A. Petitioner’s Evidence

Jarvis testified that the old roadway was marked off by ditches and fences; that in the past it was used by the public to gain access to Muddy Creek; and that Foy Hopkins lived off the *358old roadway and used it to get to Berkley Road. He also testified that the northern end of the roadway was allowed to grow in with trees, shrubs, vines and other vegetation. He said that from the time he acquired title to his property in 1938 until the time the growth in the road was bulldozed in 1972, the road was never kept open all the way from Berkley Road to Muddy Creek. Jarvis further testified that he could drive his car from Berkley Road onto the roadway and then onto his property (turning right just before the fence erected by the Powers), and that he could drive this route even when the northern portion of the roadway was grown in.

Etles Henries, a neighbor in the South Creek area, testified that the old roadway was used in the 1930s and 1940s by people going swimming in Muddy Creek, but that at least by the late 1940s or early 1950s the northern forty percent of the road had become overgrown with plants. He also testified:

The condition of the road varied back and forth in relation to the use of the road. There was times it would be growed up. There would be times they would get it down if they were going to have a baptism or something. Immediately it would-grow up again. It has never been traveled, shall we say, daily, so to answer your question on the condition of the road in 1964, it had varying conditions.
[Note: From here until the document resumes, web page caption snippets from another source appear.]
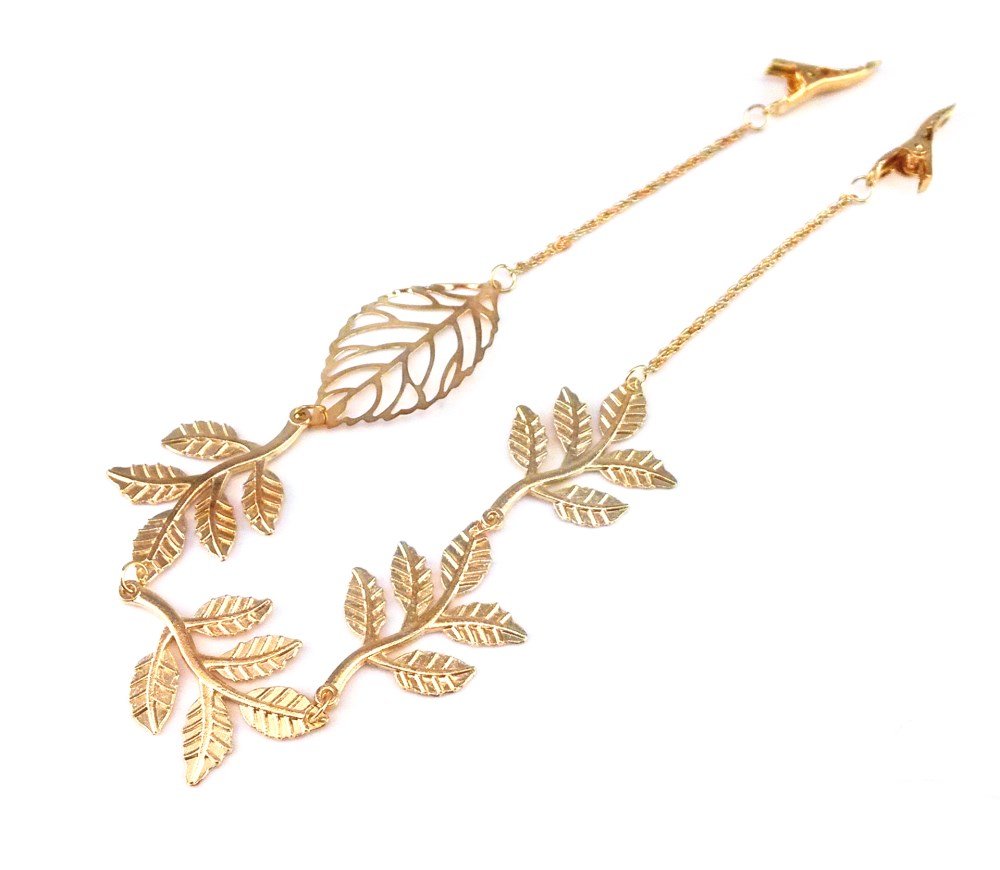 Yueton 2-Pack Fashion Women's Hair Clips - Olive Branch Tassel Leaf Design Alligator Barrettes Bobby Pins for Bridal, Wedding, Party Hairstyles | Elegant Hair Accessories for Daily Wear, Prom, Special Occasions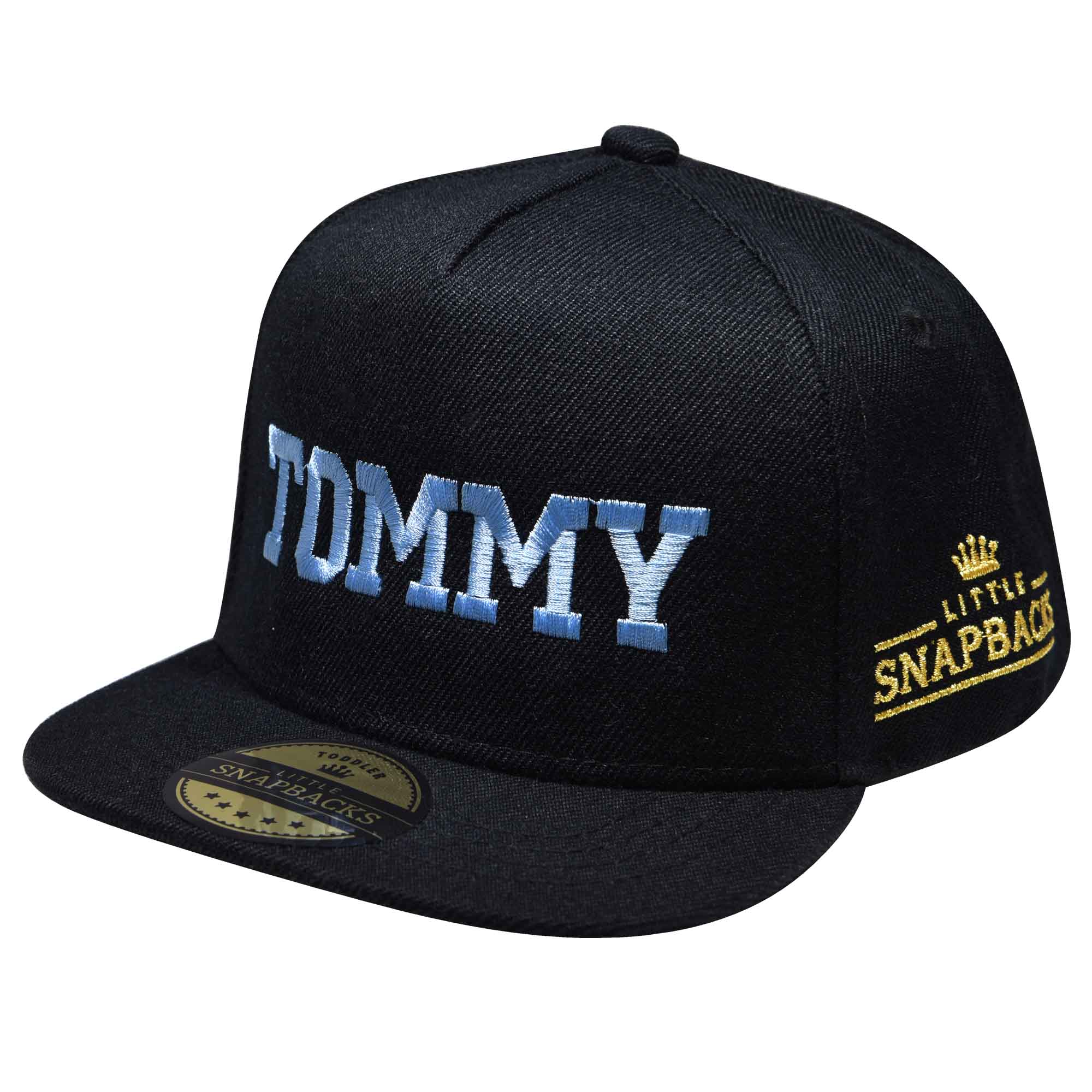 Black Snapback, Sky Blue Thread
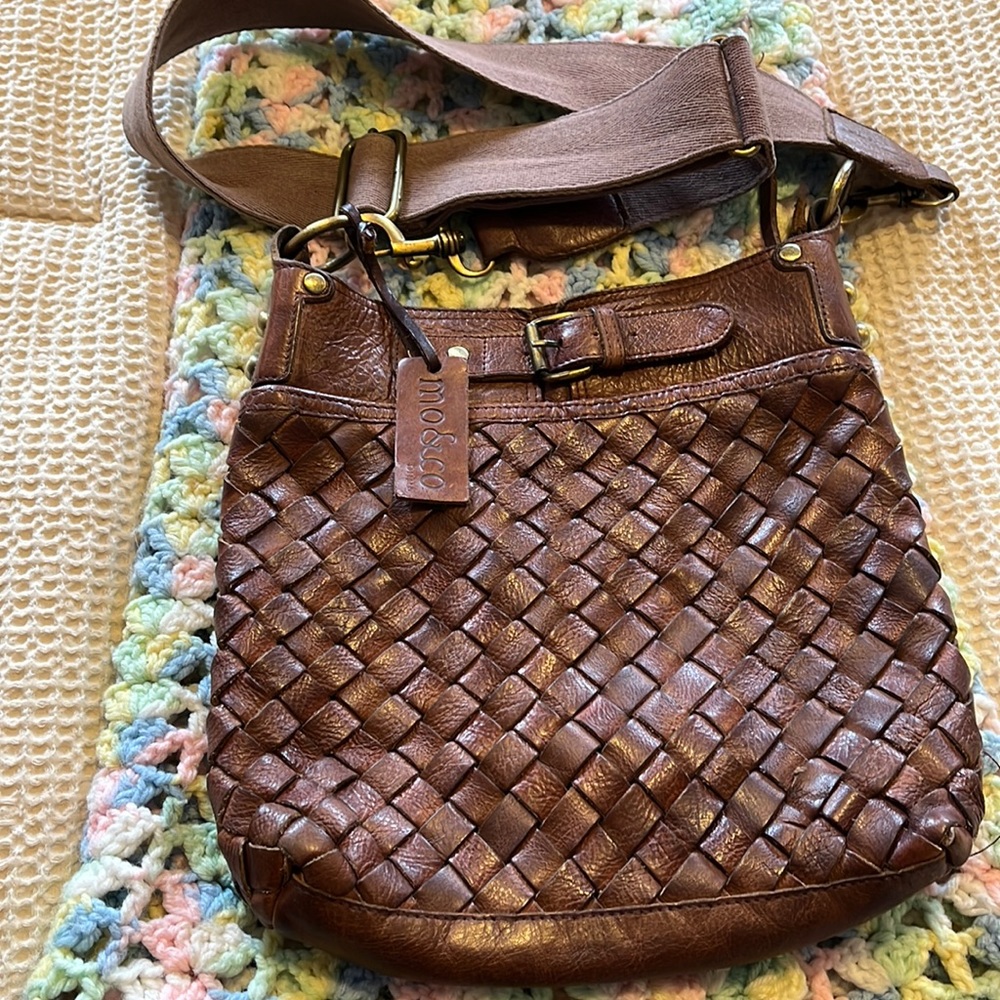 Mo & Co. crossbody bag with woven leather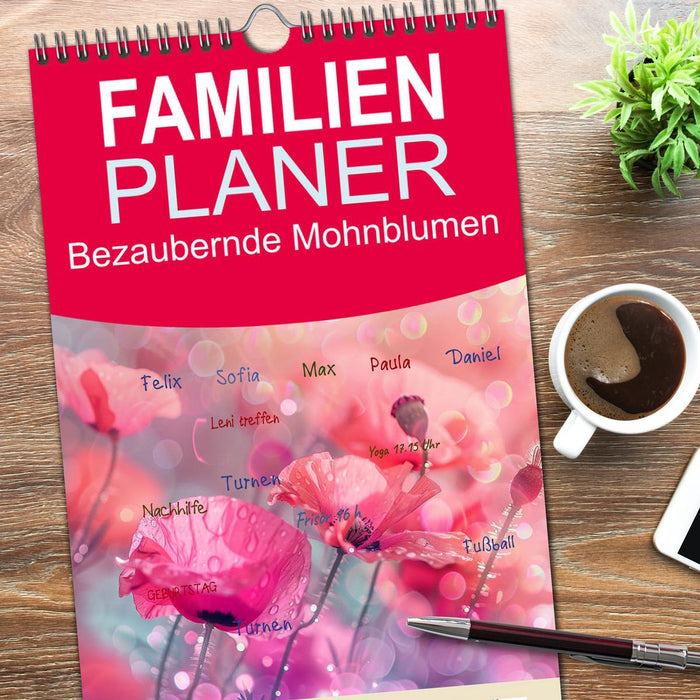 Bezaubernde Mohnblumen (CALVENDO Familienplaner 2026)
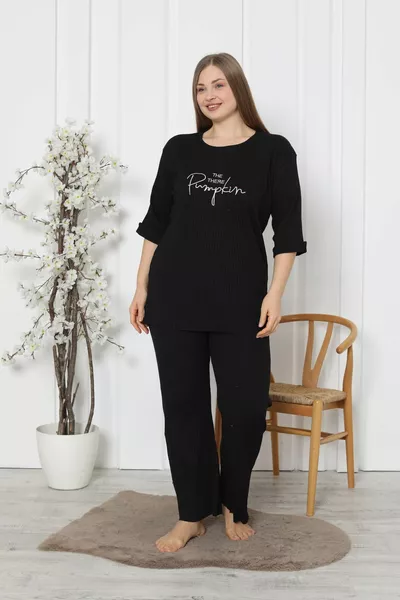 Fitilli Kaşkorse Pamuklu İspanyol Paça Yeni Sezon Büyük Beden Ev Giyim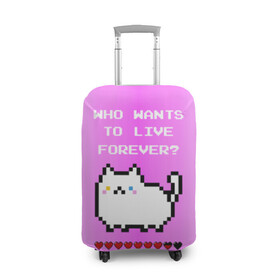 Чехол для чемодана 3D с принтом Cat forever в Тюмени, 86% полиэфир, 14% спандекс | двустороннее нанесение принта, прорези для ручек и колес | 9 жизней | forever | pixel art | queen | wants to live | квин цитата | котенок | котик | котики | коты | кошка | кошки | пиксели | пиксель арт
Andrew Brown testified that “probably 40 or 50 years ago,” people used the roadway to get to Muddy Creek to buy oysters from Foy Hopkins, who sold them from his boat. William Snell, whose grandmother and step-grandfather used to own the Powers’ land, testified that his grandparents “gave” the roadway to the public or community; that the Powers’ land was west of the roadway; that the roadway was used in the early 1930s to access Muddy Creek for baptisms, rafting logs and buying oysters; and that the northern end had grown in by 1955.

B. Respondents’ Evidence

Powers presented two witnesses. The testimony of the first, a former South Creek resident, did not materially contradict petitioner’s evidence. The second, a registered land surveyor and an expert witness, substantiated the Powers’ claim to the land traversed by the northern portion of the old roadway. He *359testified regarding a survey he had conducted, showing that the Powers’ predecessor in title owned all the land up to Jarvis’ property line. He also confirmed Jarvis’ testimony that the southern portion of the roadway (the portion not claimed by the Powers) provides adequate access from Berkley Road into the southwestern corner of Jarvis’ property. The southern end also provides access to the Hopkins’ and Powers’ properties.
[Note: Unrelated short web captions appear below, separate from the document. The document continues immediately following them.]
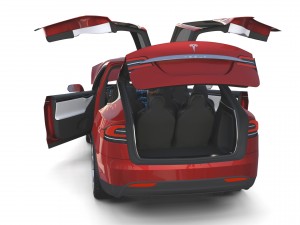 tesla model x red with interior and chassis Model 3D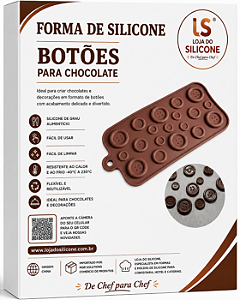 MOLDE DE SILICONE BOTÃO 3D PARA CHOCOLATE E DECORAÇÃO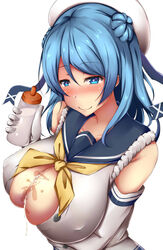 after_paizuri beret blue_eyes blue_hair blush breasts closed_mouth cum cum_on_body cum_string double_bun ejaculation_between_breasts eyebrows_visible_through_hair female hat heart heart_in_eye highres kantai_collection large_breasts looking_at_viewer neckerchief sailor_hat school_uniform serafuku simple_background smile symbol_in_eye terakoya urakaze_(kantai_collection) white_background white_hat yellow_neckwear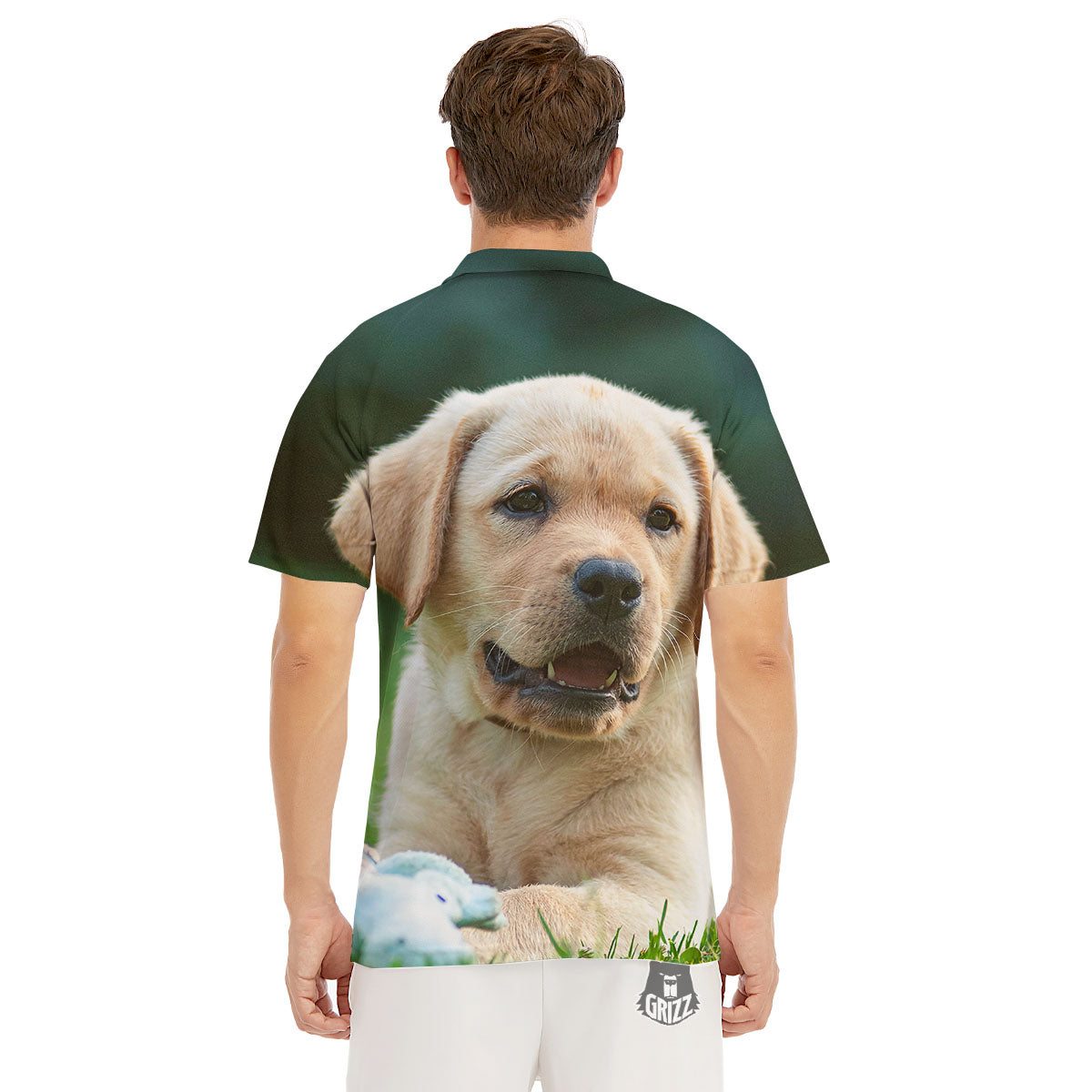 Puppy And Labrador Retriever Print Men's Golf Shirts-grizzshop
Jarvis presented no written evidence that is part of the record on appeal to prove that the old roadway had been expressly dedicated to the public or that a dedication had been accepted by the State. He did not contend that it had been impliedly dedicated or that the old roadway is now a public road by virtue of the doctrine of adverse possession, easement by prescription or necessity, or any theory other than that it was a “neighborhood public road” under G.S. Sec. 136-67. Jarvis urged the trial court to preserve public access to the waterfront, which was endangered because the waterfront area had been extensively developed into homesites since the 1940s.
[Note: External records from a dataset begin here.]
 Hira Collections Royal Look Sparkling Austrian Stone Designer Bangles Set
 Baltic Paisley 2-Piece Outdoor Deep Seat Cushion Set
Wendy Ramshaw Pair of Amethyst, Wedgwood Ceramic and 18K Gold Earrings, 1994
C. Trial Court’s Findings and Conclusions

The court made the following findings of fact, among others:

That along the western boundary of Petitioner’s lands there was a road not less than sixteen feet wide which ran from the Berkley Road (S.R. 1909) along the western boundary of the lands of Dolly Hopkins described in that deed of record in Book 256, page 360, Beaufort County Registry and along the western boundary of Petitioner’s lands aforesaid to a landing on Muddy Creek and along the eastern boundary of the lands of Respondents.
That said road was dedicated to the public by E. W. Ives and wife, Mary Ives, and the road together with a drainage ditch along its western edge was maintained by Beaufort County as a part of the county road system until the State of North Carolina took over the maintenance of public roads.
That said road was not taken over and placed under maintenance by the Department of Transportation of the State of North Carolina.
That while said road was maintained by Beaufort County it was used by the public for access to and from the public *360landing on Muddy Creek for bathing, transporting logs, fishing and baptisms.
That there is and has been for many years a dwelling on Petitioner’s lands and said road is and has been a necessary means of access to and from this dwelling and the Petitioner’s lands do not border on any other road.
That within the last several years said road has been used by members of the public for access to Muddy Creek for bathing and swimming.
That Dolly Hopkins and the Respondents Colon Lee Powers and Mavis Powers use said road as a necessary means of access to their homes which are located upon lands adjacent to said road.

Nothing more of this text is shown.